Linz, sorry to hear what happened. It must have been a dreadful shock. You posted what happened as a warning to others, but you make no mention of reporting the incident to the authorities. Even if we didn't have a no naming policy on the forum, I don't see what one individual's actions have to do with their employer. The fact that you are pretty sure he was wearing a particular company's uniform would help the police no end as would handing over his shoes. Perhaps he wasn't successful breaking into your house but you may be able to prevent him getting away with something else.


----------



## Chocoholic (Oct 29, 2012)

Also make sure the security in the Ranches know what happened.


----------



## Linz (Feb 18, 2009)

thanks for all of your replies. i was logged out of my account so couldn't respond till now.
yes, of course police were called immediately and security too are aware. police were next to useless and we might as well never have called them. no one bothered to inform the local community either which surprised me. total lack of responsibility and quite frustrating. in meantime we've spread the word to neighbours and hopefully now, a lot of people will be aware.

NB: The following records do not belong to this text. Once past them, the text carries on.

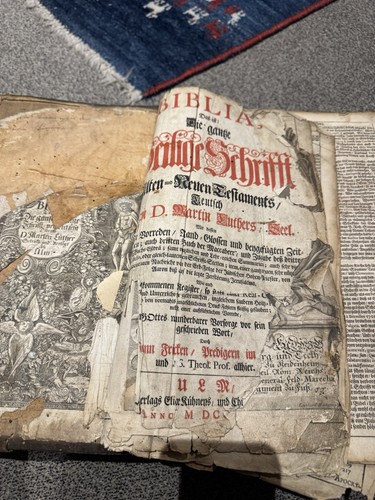 Lutherbibel orig - -,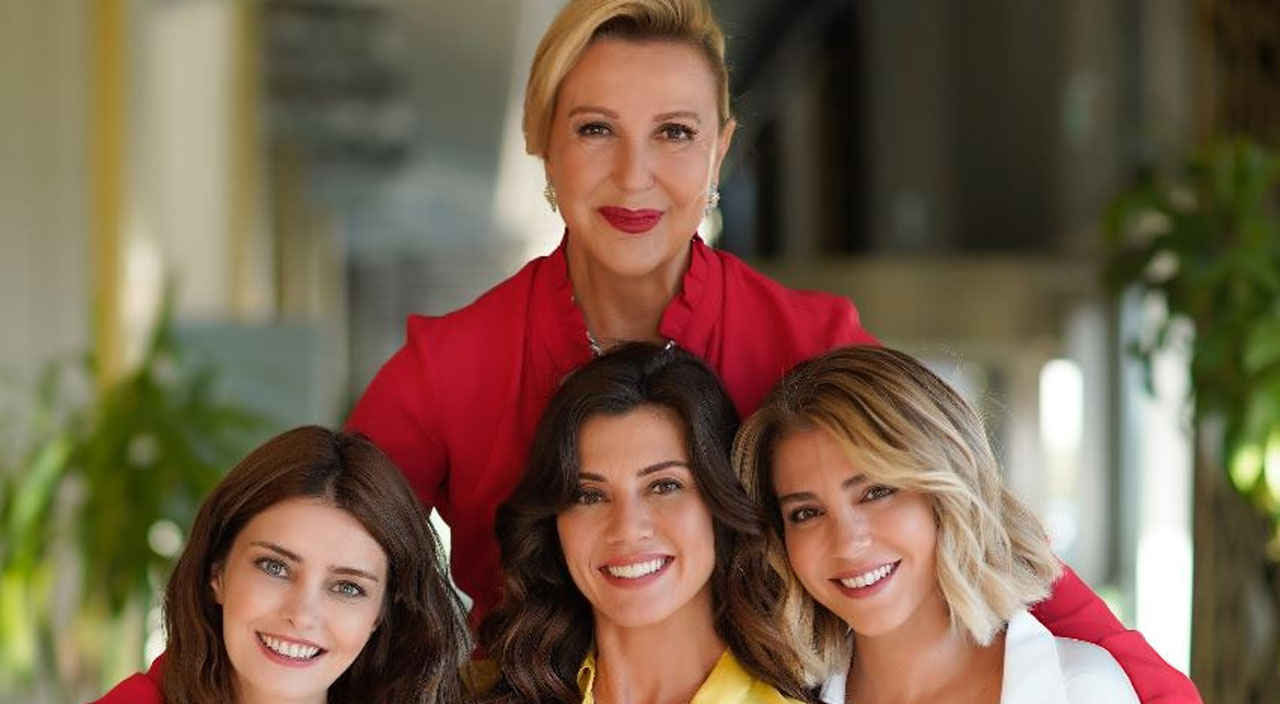 Fişleri çekildi: 4 dizi birden final yapıyor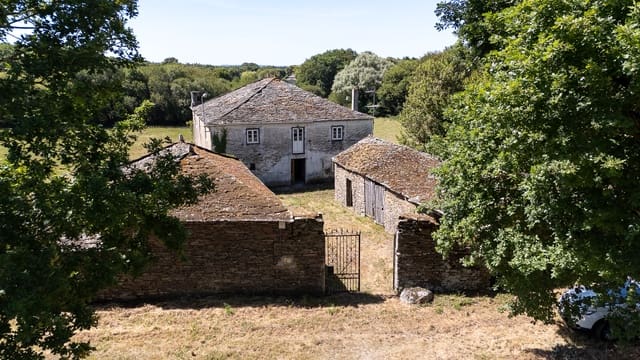 6 camera da letto Finca/Casa di Campagna in vendita in Outeiro de Rei - 270.000 € (Rif: 9935097)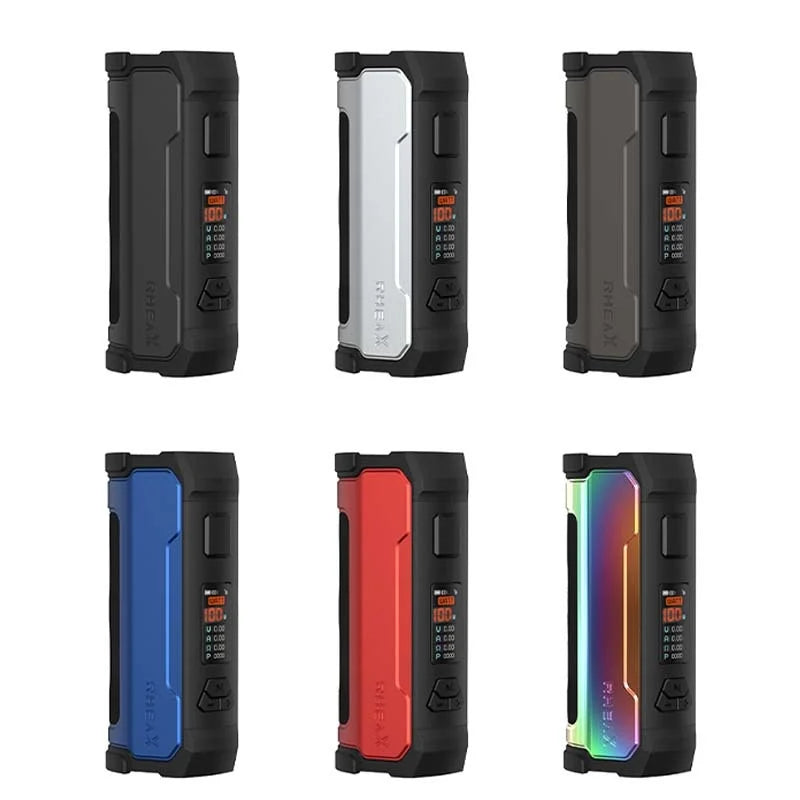 Box Rhea X - Aspire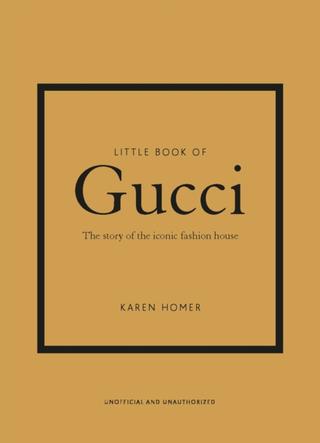 Kniha: Little Book of Gucci - Karen Homer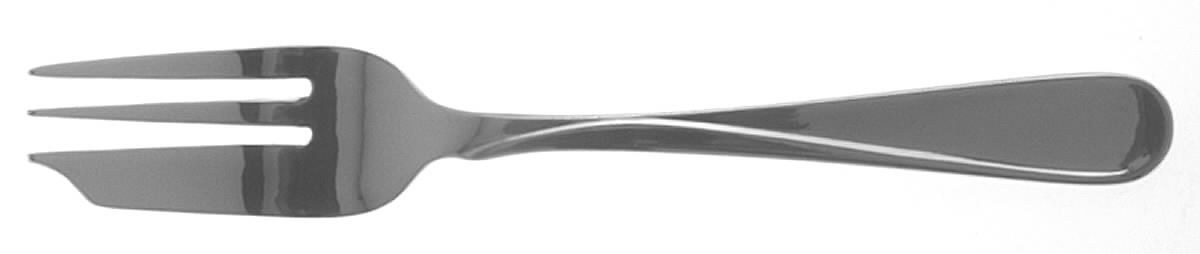 Flight-Reliance (Stainless) Pastry Fork by Oneida Silver-1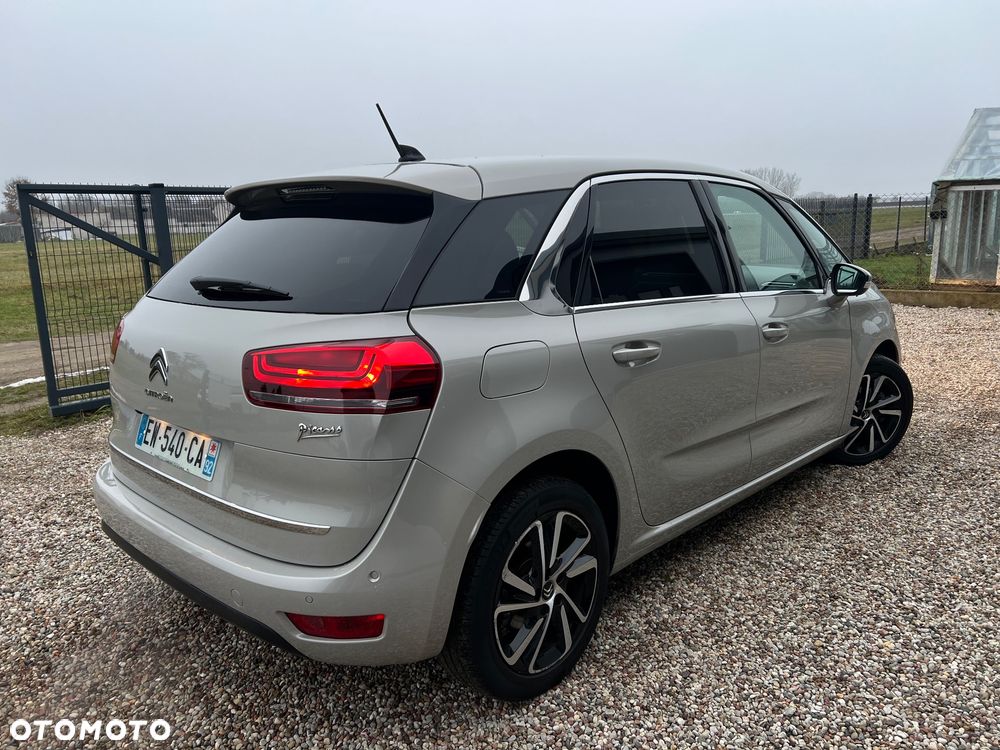 Citroën C4 Picasso 1.2 PureTech Exclusive - 11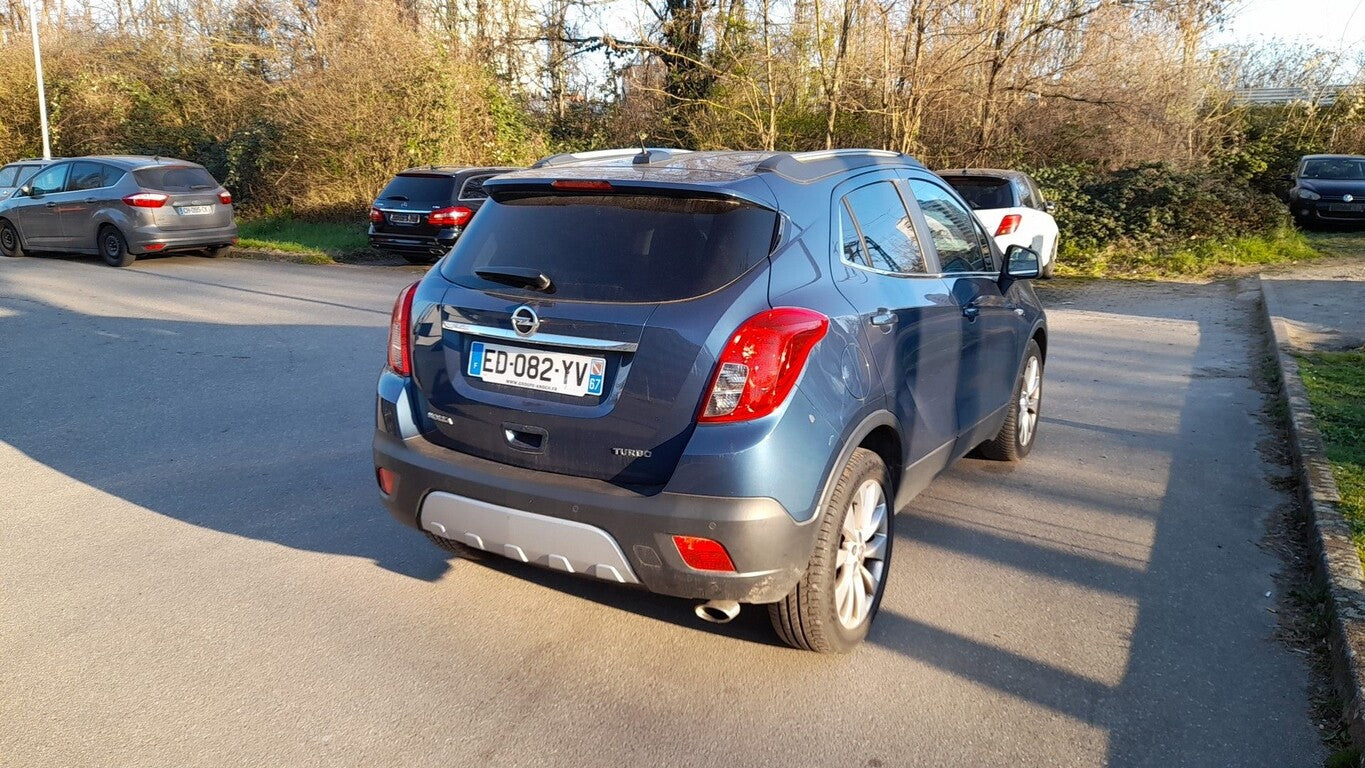 Opel Mokka 1.4 Turbo Innovation Navi RFK PDC GRA 116268178 2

regardless of the job situation in dubai and lack of well paid jobs for these guys, this situation should never drive a person to break into your home OR to COME UPSTAIRS in your home.


----------



## Chocoholic (Oct 29, 2012)

Break-ins and robberies reported in JVT and JVC recently.

Who was it who kept on about Dubai being safe?


----------



## uberkoen (Sep 12, 2013)

Chocoholic said:


> Break-ins and robberies reported in JVT and JVC recently.
> 
> Who was it who kept on about Dubai being safe?


Sports City as well recently.


----------



## Tackledummy (Jul 14, 2013)

uberkoen said:


> Sports City as well recently.


Ooh, hope they never try my apartment - i only have football practice twice a week, so could do with the extra hitting/tackling training. :bump2:

In all seriousness, this is quite worrying, hope no-one has been badly affected, and just remember to be extra vigilant with balconies, windows etc, don't rely on the fact that Dubai is 'safe'. And challenge everything!


----------



## uberkoen (Sep 12, 2013)

Tackledummy said:


> Ooh, hope they never try my apartment - i only have football practice twice a week, so could do with the extra hitting/tackling training. :bump2:
> 
> In all seriousness, this is quite worrying, hope no-one has been badly affected, and just remember to be extra vigilant with balconies, windows etc, don't rely on the fact that Dubai is 'safe'. And challenge everything!


Yeah apparently this building did not have any CCTV cameras. Some guy walked into an apartment while the tenants were out and stole a lot of jewelry.


----------